Task directions:
Only those lines in the data below from the line containing "II.5 Documents Diﬀusés" through the line containing "II.13 Documents Diﬀusés", both included, should be restated word for word.

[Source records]
━━━━━━━━━━
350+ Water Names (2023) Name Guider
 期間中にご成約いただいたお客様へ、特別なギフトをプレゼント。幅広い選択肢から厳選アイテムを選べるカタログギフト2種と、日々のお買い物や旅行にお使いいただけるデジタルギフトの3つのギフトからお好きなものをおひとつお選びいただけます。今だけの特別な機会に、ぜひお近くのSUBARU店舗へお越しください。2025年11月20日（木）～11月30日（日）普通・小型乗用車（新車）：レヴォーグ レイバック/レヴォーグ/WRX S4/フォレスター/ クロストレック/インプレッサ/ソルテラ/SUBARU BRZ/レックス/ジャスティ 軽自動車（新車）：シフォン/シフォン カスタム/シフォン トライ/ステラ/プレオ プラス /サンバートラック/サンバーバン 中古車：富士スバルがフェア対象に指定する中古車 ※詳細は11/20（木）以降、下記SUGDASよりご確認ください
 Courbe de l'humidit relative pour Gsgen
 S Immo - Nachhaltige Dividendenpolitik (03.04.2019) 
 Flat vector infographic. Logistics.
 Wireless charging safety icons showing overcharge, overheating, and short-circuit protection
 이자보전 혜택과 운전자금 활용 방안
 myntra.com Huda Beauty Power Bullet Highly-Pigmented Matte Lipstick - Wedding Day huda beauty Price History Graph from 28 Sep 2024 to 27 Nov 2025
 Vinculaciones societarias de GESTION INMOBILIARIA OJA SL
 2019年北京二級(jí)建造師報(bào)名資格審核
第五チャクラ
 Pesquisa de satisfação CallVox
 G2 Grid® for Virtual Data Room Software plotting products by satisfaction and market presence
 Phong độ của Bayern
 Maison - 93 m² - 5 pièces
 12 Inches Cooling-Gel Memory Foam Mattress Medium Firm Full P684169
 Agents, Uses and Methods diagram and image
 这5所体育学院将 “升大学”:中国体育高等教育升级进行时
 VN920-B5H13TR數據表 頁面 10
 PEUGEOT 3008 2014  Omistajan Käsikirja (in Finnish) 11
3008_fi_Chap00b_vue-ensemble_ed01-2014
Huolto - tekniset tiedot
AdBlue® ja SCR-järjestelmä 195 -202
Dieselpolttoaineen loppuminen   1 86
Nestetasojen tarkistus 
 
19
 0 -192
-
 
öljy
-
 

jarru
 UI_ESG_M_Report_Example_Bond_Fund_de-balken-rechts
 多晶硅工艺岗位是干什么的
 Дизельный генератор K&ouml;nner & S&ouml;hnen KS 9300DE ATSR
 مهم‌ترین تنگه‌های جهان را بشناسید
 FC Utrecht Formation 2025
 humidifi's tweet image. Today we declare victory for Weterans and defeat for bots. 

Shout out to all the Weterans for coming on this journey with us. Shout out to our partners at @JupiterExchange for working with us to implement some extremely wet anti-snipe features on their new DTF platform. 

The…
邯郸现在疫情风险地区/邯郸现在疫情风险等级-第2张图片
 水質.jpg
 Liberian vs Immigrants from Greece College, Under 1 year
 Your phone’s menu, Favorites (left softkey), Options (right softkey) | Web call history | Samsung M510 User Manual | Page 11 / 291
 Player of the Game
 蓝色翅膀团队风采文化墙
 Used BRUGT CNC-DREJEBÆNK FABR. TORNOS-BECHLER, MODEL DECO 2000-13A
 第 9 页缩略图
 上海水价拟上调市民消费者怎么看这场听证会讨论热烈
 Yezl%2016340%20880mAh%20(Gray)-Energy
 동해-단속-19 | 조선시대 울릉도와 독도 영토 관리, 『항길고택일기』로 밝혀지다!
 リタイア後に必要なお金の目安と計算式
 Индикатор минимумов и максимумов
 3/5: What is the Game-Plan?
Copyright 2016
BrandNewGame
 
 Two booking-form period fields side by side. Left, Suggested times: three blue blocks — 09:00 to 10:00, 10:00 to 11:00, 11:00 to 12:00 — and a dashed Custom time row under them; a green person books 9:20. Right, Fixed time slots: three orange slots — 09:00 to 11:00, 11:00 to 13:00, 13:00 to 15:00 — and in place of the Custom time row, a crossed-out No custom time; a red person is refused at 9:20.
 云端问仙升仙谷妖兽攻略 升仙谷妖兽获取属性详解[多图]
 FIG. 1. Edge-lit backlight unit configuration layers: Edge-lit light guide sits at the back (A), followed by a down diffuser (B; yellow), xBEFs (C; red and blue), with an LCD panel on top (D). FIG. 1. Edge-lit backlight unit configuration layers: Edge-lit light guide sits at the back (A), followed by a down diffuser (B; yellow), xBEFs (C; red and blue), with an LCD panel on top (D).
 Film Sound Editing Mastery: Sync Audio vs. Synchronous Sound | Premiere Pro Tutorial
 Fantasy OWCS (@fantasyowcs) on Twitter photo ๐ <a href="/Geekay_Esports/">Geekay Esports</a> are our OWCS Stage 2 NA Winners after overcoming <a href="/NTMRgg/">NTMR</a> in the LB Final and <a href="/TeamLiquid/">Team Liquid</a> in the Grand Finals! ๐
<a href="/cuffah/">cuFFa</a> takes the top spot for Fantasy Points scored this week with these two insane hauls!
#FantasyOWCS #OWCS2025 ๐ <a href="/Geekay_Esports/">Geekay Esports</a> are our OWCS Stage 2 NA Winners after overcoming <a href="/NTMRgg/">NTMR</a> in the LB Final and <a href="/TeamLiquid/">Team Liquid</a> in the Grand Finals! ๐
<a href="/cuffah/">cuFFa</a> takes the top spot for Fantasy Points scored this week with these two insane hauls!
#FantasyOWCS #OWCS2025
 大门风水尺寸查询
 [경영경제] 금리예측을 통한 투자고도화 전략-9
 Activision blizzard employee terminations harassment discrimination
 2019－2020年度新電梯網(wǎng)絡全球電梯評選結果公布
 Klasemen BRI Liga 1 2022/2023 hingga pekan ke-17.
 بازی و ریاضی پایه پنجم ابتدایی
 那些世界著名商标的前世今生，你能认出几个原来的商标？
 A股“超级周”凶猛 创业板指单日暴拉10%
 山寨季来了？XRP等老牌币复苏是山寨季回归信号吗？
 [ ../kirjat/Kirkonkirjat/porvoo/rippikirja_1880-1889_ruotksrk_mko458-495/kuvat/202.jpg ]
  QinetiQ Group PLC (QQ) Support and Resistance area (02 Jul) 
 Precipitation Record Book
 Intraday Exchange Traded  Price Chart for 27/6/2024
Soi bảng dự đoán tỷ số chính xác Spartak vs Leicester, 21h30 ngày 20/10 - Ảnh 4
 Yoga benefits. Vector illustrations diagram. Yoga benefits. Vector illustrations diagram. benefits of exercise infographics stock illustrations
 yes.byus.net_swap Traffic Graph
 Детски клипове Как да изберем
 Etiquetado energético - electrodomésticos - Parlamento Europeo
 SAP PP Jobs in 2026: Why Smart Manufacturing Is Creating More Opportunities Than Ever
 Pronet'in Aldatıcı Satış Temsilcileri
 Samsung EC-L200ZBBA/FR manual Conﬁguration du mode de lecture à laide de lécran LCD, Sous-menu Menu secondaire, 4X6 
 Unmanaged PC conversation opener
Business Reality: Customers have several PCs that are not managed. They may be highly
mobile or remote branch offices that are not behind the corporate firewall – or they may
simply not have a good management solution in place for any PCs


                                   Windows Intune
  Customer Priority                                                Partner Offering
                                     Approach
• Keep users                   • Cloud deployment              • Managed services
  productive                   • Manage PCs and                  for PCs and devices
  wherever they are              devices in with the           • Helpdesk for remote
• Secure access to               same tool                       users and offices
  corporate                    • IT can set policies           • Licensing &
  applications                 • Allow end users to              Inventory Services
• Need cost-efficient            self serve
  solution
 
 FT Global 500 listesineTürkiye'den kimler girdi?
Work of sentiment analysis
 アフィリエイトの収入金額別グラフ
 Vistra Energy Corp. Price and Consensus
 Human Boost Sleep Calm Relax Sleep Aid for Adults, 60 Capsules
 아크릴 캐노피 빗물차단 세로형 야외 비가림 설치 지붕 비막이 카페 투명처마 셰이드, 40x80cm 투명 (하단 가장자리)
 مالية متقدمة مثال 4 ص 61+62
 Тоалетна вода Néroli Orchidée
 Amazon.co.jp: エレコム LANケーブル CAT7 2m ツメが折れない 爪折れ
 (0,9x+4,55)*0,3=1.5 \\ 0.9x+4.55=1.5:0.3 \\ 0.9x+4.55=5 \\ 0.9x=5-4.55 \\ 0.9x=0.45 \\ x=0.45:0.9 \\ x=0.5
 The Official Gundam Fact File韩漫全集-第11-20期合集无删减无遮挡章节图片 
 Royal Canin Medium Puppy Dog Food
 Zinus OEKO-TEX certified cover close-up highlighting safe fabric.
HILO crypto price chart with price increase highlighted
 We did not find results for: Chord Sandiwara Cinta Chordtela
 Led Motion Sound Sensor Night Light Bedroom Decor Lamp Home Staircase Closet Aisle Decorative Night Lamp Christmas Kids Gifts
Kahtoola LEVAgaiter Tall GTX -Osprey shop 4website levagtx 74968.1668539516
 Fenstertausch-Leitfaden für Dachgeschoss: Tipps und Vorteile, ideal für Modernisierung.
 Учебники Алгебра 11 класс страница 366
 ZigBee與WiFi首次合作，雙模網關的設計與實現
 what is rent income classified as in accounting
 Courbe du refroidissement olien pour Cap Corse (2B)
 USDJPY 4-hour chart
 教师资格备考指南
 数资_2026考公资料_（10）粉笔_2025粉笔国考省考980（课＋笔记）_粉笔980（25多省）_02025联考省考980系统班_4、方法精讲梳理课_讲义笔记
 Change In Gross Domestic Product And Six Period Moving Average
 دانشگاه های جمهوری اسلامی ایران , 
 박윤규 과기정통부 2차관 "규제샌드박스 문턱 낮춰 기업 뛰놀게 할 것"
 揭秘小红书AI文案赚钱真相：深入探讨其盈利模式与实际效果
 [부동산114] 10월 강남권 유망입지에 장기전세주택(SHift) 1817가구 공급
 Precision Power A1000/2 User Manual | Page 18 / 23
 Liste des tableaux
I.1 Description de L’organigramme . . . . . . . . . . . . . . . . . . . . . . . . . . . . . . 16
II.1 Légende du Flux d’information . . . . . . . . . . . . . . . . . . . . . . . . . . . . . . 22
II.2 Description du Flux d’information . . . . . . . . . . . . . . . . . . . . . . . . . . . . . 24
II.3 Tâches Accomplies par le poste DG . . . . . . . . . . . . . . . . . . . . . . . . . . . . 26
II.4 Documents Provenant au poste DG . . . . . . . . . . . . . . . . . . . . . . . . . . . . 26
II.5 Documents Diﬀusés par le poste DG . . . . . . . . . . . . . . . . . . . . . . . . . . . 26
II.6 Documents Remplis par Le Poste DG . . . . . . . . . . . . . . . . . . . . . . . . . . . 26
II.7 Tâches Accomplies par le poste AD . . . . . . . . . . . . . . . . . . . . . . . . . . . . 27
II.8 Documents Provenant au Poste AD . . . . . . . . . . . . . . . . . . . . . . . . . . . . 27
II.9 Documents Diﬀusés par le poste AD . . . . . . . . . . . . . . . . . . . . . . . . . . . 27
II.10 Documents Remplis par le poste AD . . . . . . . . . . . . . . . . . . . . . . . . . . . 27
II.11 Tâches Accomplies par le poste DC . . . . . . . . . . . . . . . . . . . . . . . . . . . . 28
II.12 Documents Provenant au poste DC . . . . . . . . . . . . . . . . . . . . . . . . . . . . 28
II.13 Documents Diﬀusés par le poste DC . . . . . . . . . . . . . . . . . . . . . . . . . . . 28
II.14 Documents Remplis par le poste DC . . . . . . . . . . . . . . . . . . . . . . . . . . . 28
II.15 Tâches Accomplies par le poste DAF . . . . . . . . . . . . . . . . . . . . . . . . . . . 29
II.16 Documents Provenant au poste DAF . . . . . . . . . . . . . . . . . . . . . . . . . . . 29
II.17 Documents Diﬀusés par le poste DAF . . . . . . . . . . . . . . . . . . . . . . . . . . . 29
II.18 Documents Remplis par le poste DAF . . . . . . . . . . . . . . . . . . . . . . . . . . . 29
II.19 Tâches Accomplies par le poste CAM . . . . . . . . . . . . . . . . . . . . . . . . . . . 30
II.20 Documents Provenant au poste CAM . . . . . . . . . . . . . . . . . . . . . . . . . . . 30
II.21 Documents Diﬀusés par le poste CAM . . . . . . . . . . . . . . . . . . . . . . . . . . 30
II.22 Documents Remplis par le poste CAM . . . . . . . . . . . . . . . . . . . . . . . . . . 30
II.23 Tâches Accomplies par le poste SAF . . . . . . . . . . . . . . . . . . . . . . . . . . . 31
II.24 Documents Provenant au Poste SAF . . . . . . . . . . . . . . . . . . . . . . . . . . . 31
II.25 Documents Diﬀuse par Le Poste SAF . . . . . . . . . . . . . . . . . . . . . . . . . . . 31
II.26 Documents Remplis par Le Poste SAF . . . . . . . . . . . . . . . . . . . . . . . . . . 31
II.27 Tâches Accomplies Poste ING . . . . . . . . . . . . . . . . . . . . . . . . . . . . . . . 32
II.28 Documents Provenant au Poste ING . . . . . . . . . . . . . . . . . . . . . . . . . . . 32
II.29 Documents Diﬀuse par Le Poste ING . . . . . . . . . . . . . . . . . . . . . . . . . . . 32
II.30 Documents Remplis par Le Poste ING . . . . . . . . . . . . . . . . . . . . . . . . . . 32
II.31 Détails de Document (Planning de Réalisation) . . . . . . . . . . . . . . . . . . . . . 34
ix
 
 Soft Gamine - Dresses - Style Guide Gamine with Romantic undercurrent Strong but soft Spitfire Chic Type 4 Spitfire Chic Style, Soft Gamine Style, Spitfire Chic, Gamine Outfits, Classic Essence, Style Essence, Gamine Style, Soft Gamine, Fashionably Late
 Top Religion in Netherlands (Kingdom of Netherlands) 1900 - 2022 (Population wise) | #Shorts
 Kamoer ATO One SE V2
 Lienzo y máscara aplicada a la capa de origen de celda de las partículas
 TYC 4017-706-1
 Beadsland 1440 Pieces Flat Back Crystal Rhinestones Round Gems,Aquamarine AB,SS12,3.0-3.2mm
━━━━━━━━━━
Your solution:
II.5 Documents Diﬀusés par le poste DG . . . . . . . . . . . . . . . . . . . . . . . . . . . 26
II.6 Documents Remplis par Le Poste DG . . . . . . . . . . . . . . . . . . . . . . . . . . . 26
II.7 Tâches Accomplies par le poste AD . . . . . . . . . . . . . . . . . . . . . . . . . . . . 27
II.8 Documents Provenant au Poste AD . . . . . . . . . . . . . . . . . . . . . . . . . . . . 27
II.9 Documents Diﬀusés par le poste AD . . . . . . . . . . . . . . . . . . . . . . . . . . . 27
II.10 Documents Remplis par le poste AD . . . . . . . . . . . . . . . . . . . . . . . . . . . 27
II.11 Tâches Accomplies par le poste DC . . . . . . . . . . . . . . . . . . . . . . . . . . . . 28
II.12 Documents Provenant au poste DC . . . . . . . . . . . . . . . . . . . . . . . . . . . . 28
II.13 Documents Diﬀusés par le poste DC . . . . . . . . . . . . . . . . . . . . . . . . . . . 28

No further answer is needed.